SUPPLIED MATERIAL:

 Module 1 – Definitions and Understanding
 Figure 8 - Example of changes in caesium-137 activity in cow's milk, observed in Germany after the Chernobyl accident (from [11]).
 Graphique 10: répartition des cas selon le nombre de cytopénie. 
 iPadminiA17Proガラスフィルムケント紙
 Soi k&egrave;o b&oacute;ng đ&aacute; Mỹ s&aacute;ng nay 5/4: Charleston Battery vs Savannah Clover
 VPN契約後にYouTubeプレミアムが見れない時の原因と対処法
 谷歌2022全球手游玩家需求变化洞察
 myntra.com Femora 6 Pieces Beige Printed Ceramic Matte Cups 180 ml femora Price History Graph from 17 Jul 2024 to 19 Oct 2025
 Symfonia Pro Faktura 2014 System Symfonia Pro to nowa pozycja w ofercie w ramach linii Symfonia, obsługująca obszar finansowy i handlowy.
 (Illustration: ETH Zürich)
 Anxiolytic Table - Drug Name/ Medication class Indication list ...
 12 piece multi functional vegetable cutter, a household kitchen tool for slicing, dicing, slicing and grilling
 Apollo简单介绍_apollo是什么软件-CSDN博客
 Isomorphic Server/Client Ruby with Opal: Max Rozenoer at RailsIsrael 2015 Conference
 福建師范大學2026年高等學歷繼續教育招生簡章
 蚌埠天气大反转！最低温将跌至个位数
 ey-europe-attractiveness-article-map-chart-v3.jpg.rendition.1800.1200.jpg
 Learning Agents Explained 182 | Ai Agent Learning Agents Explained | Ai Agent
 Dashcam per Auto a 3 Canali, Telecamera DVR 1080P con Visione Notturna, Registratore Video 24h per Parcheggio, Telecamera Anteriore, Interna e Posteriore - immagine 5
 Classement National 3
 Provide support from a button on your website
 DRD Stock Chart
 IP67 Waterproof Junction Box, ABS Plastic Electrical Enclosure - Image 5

WHAT YOU WILL DO: Only the lines above that hold "from" are wanted. Show every one of them.

RESPONSE BELOW:
 Figure 8 - Example of changes in caesium-137 activity in cow's milk, observed in Germany after the Chernobyl accident (from [11]).
 myntra.com Femora 6 Pieces Beige Printed Ceramic Matte Cups 180 ml femora Price History Graph from 17 Jul 2024 to 19 Oct 2025
 Provide support from a button on your website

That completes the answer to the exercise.